The reference 14701 was produced for just one year between 1992 and 1993. Only six pieces were produced in yellow gold and five in white gold.
The Royal Oak Story
Audemars Piguet’s Royal Oak is a phenomenon, one of the most recognizable and successful wristwatch models of all time and the first luxury sports watch. The concept of the luxury sports watch was completely alien when the Royal Oak was introduced in 1972. Of course Rolex had been producing steel Submariners and GMT-Masters for many years before, but the Rolex steel watches were regarded not as luxury watches as such, but as working instruments or tool watches for professionals. The Royal Oak was designed by none other than Gerald Genta, the man behind many of the most enduring wristwatch designs of the last 50 years. The watch featuring an octagonal screwed bezel that was initially inspired by an antique diver’s helmet is, without a doubt, one of the most iconic wristwatch designs of the 20th century. Not only is it the cornerstone of the brand’s success until today, it was also the forerunner of other iconic watches like the Patek Philippe Nautilus which was based upon similar design principles by Gerald Genta.
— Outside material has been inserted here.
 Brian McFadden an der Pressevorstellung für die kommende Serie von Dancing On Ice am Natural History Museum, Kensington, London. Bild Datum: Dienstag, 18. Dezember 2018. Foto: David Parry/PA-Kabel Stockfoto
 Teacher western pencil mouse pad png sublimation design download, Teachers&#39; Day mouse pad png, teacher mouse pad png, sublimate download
The water resistant case has a visible gasket and a dial decorated with the ‘petit tapisserie’ pattern that is now part of the Royal Oak’s DNA. The movement was the superb automatic caliber 2121, which is still used today for the Royal Oak Jumbo ref.15202. The caliber 2121 was based on the Audemars Piguet caliber 2120 with the addition of a date complication. The caliber 2120 was introduced in 1967, the culmination of a project led by Jaeger-LeCoultre, with the technical contribution of Audemars Piguet and the funding of Audemars Piguet, Patek Philippe and Vacheron Constantin, for the development of an ultra-thin automatic movement. This collaboration resulted in the Jaeger-LeCoultre Calibre 920, a highly innovative and reliable movement, that each of the three backers renamed and customized for their own watches, hence the Patek Philippe 28-255 C was used for the Nautilus and the Vacheron Constantin 1120 was fitted to the 222 model.
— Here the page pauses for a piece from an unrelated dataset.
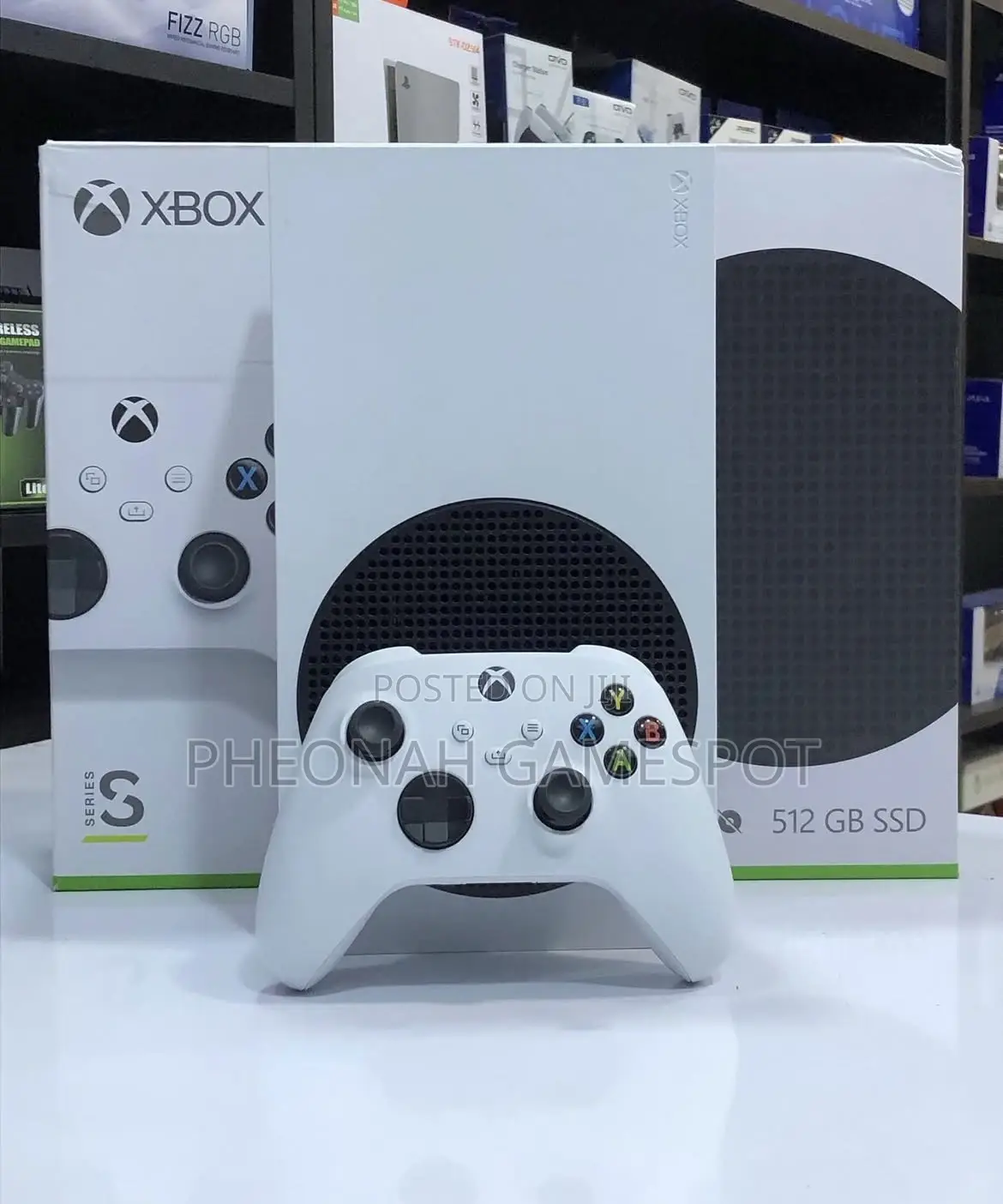 Xbox Serie S in Perfect Condition With 2 Controllers and 10 Games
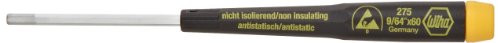 Wiha 27547 Hex Driver with Precision ESD Safe Dissipative Handle, Inch, 9/64 x 60mm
Audemars Piguet chose the name ‘Royal Oak’ because of its nautical associations, named after the series of eight ships of the British Royal Navy that had in turn been named after the story of King Charles II of England’s escape from the Roundheads - the supporters of the Parliament during the English Civil War - following the Battle of Worcester in 1651 when the King (then a Prince) hid in an oak tree, the Boscobel Oak, to evade capture.
Collectors have long been discovering and researching the rarities from the last 50 years of production of the Royal Oak. Early examples from the ‘A’ series, tropical dials, perpetual calendars and precious metal versions all continue to capture the serious attention of watch enthusiasts. Allying dominant design and ground-breaking materials, the watches of the Royal Oak collection are amongst the most coveted timepieces ever, enjoying an ever expanding popularity.